▶ [WORK REQUEST]: Every entry below is to be copied exactly, with nothing omitted.

Stored items
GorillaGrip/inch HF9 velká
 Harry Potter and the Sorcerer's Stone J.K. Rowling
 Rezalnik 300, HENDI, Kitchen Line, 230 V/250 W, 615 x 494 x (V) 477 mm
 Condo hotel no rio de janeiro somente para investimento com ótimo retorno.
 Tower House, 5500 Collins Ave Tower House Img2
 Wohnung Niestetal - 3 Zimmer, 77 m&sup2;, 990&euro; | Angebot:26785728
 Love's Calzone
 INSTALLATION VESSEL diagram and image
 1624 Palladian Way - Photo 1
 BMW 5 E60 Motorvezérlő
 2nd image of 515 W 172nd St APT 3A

▶ [EXERCISE SOLUTION]:
GorillaGrip/inch HF9 velká
 Harry Potter and the Sorcerer's Stone J.K. Rowling
 Rezalnik 300, HENDI, Kitchen Line, 230 V/250 W, 615 x 494 x (V) 477 mm
 Condo hotel no rio de janeiro somente para investimento com ótimo retorno.
 Tower House, 5500 Collins Ave Tower House Img2
 Wohnung Niestetal - 3 Zimmer, 77 m&sup2;, 990&euro; | Angebot:26785728
 Love's Calzone
 INSTALLATION VESSEL diagram and image
 1624 Palladian Way - Photo 1
 BMW 5 E60 Motorvezérlő
 2nd image of 515 W 172nd St APT 3A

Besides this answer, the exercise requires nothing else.